My colleagues in the Congress from Colorado also appreciate the importance of this great industry because sheep are also contributing to the prosperity of their areas. Also, in counties east of my district in Colorado, over 500,000 lambs are fed annually. These lambs come from ranges not only in Colorado but also from Wyoming, New Mexico, Texas, and Montana to be finished on beet tops and other products of our Colorado farms.

Colorado's interest in the sheep industry may be judged by the fact that this is one of the most important agricultural enterprises in our State, ranking third or fourth from year to year. In fact, nearly $30 million in new wealth is created in our State each year through the marketing of lambs and wool. There are some counties and areas in Colorado that are largely dependent on the sheep industry for support of their business enterprises. I know that this holds true not only in Colorado but in a dozen other Western States where sheep utilize and convert into meat and wool, grass resources that would otherwise be wasted. I know, also, that sheep raising is becoming an increasingly important enterprise in some of our Eastern and Southern States.

At the time the National Wool Act became law in 1954 the sheep industry of this Nation was in a desperate financial plight. Conditions beyond the control of sheep producers caused a drop in sheep numbers by almost half in the 12 years prior to 1954. In the interests of national defense, wool prices were frozen throughout World War II, while sheep production costs went steadily upward. Then after the war the tariff on imports of raw wool was cut by 25 percent. The unsatisfactory price support and loan programs established in an effort to alleviate conditions in the sheep industry, only piled up surpluses of wool in a Government stockpile.

The National Wool Act of 1954 is the first program that has been established that has stopped further piling up of wool in Government storage. I am advised that not only is no wool going into storage since the establishment of this program, but also that the big stockpile that the Government had in storage has now all gone to market. This is, I think wonderful news.

This is also a program that is tailor-made to meet the rather peculiar requirements of a commodity that must meet heavy foreign competition here at home. In fact, wool and sugar are among those few commodities of which we produce less than we consume. In the case of wool, we are producing a little more than one-third of our normal peacetime requirements. And, of course, during national emergencies, demand rises and foreign supplies become more difficult to obtain.
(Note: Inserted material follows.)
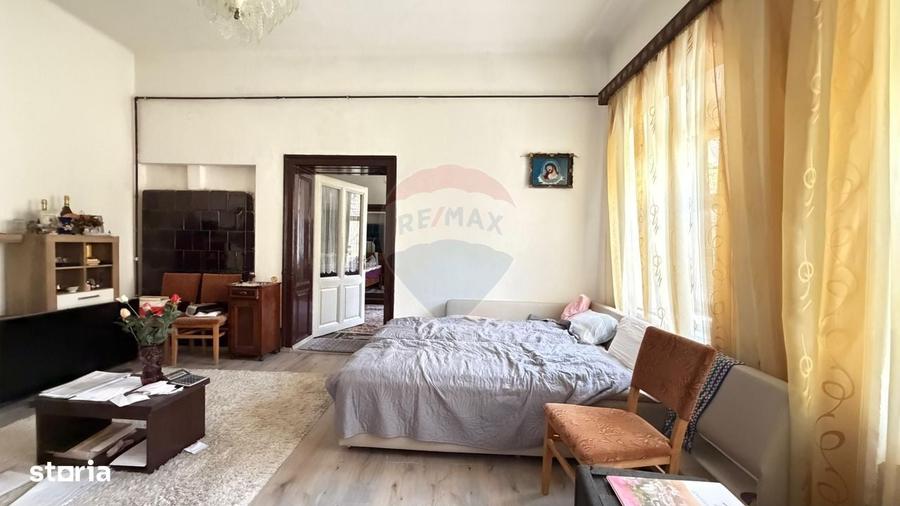 Casă cu 4 camere cu Teren 687 Mp în Central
I think the woolgrowers should be especially commended for establishing a self-help program. Through the contribution of a part of the incentive payments on wool they are establishing a promotion and advertising program on both of their commodities-wool and lamb.
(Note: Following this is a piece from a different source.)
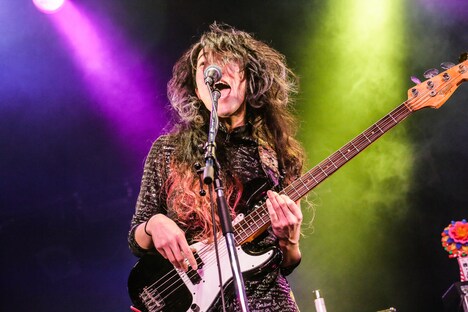 マジル声児（B, Cho）（撮影：森好弘）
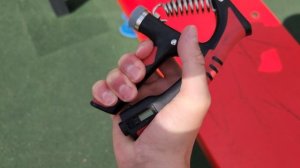 Сжал эспандер на 100кг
In the case of wool, this is an effort to offset huge advertising budgets of the synthetic fiber manufacturers and to hold wool's rightful place in the market on the basis of the unique qualities of this wonderful fiber. In the case of lamb, the promotion efforts are aimed at widening demand in areas where lamb consumption is low and also evening out price fluctuations when heavy supplies of lamb hit the markets.

It is true that the Wool Act went into effect under two adverse conditions. One was a reduction in world prices of wool during the first 2 years of the program. The other was a prolonged drought in our Western and Southwestern States which has only subsided in the last few months. However, with the return of moisture we are finding a heavy demand for breeding ewes of all ages which is most indicative of the present great interest in increasing sheep numbers. That interest, I am sure, will continue if this act is extended, The Congress revived an old and important industry in this Nation with the establishment of the National Wool Act. It is highly essential that this vital and beneficial measure be continued and I cannot urge too strongly favorable action on this important piece of legislation.
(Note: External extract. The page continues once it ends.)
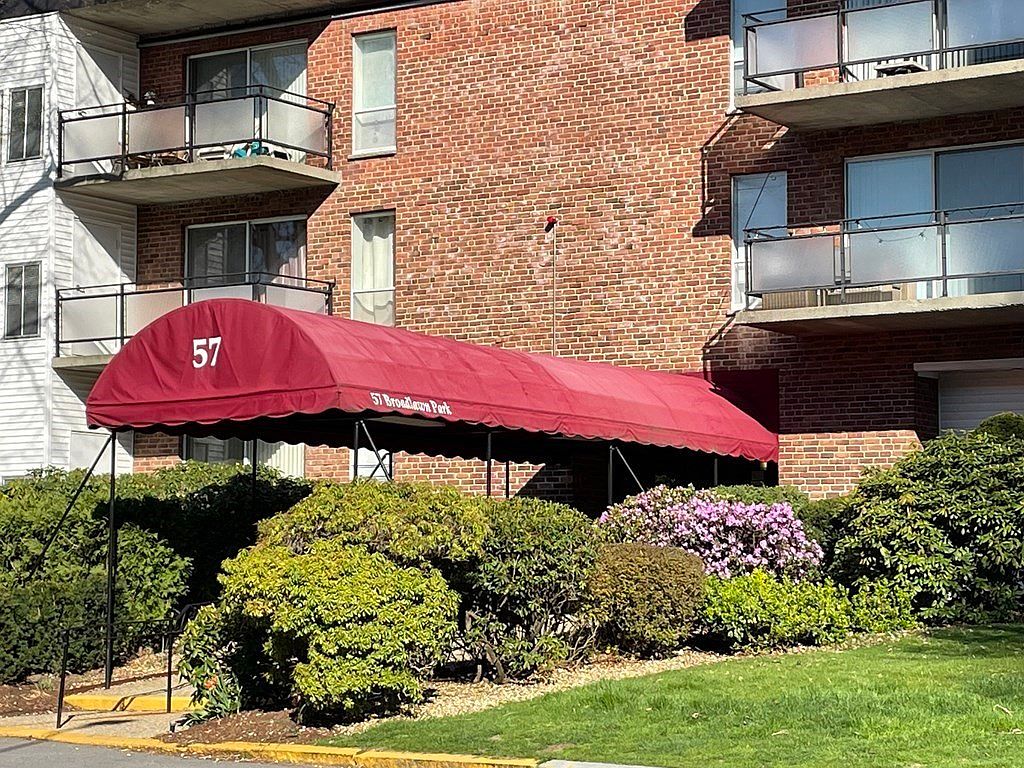 57 Broadlawn Park APT 9A, Chestnut Hill, MA 02467 Zillow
Mr. ASPINALL. Mr. Chairman, I have, of course, been supporting this legislation since it was introduced into Congress, and just last year I introduced a bill which would provide for the extension of the Wool Act.

Although not an expert in this field by any means, I feel that legislation has firmed up the woolgrowing industry, together with the sheep industry as such, the meat-producing industry, and it seems to me that in order to keep this particular industry in good shape and permit it to render to our national economy the value which it can, the Wool Act should be extended.

Whether by an individual bill or by an omnibus bill, I would have no choice whatsoever. But I do feel that we must take care of this before the expiration of this act.

Mr. DIXON. Mr. Chairman, may I ask the gentlemen from Colorado a question?

Mr. POAGE. Certainly.

Mr. DIXON. Would you rather see the Wool Act bill by itself or included in an omnibus bill?

Mr. ASPINALL. I personally would rather see it in an act by itself, Mr. Dixon, because then I feel that it can be given the attention that it itself deserves being an integral part of the law at the present time.

Mr. DIXON. And you do not want it to be in either good or bad company; is that the idea?

Mr. ASPINALL. I am not worried about the company that it might have, but I think that a piece of legislation that is as important as this particular piece of legislation deserves separate study and consideration by the Congress.

Mr. DIXON. Mr. Chairman, I wish to compliment our friend from Colorado on his statement.

Mr. ASPINALL. Thank you very much.

Mr. POAGE. Thank you. The committee appreciates very much your statement.

Mr. ASPINALL. Thank you.

Mr. POAGE. Congressman Thomson of Wyoming.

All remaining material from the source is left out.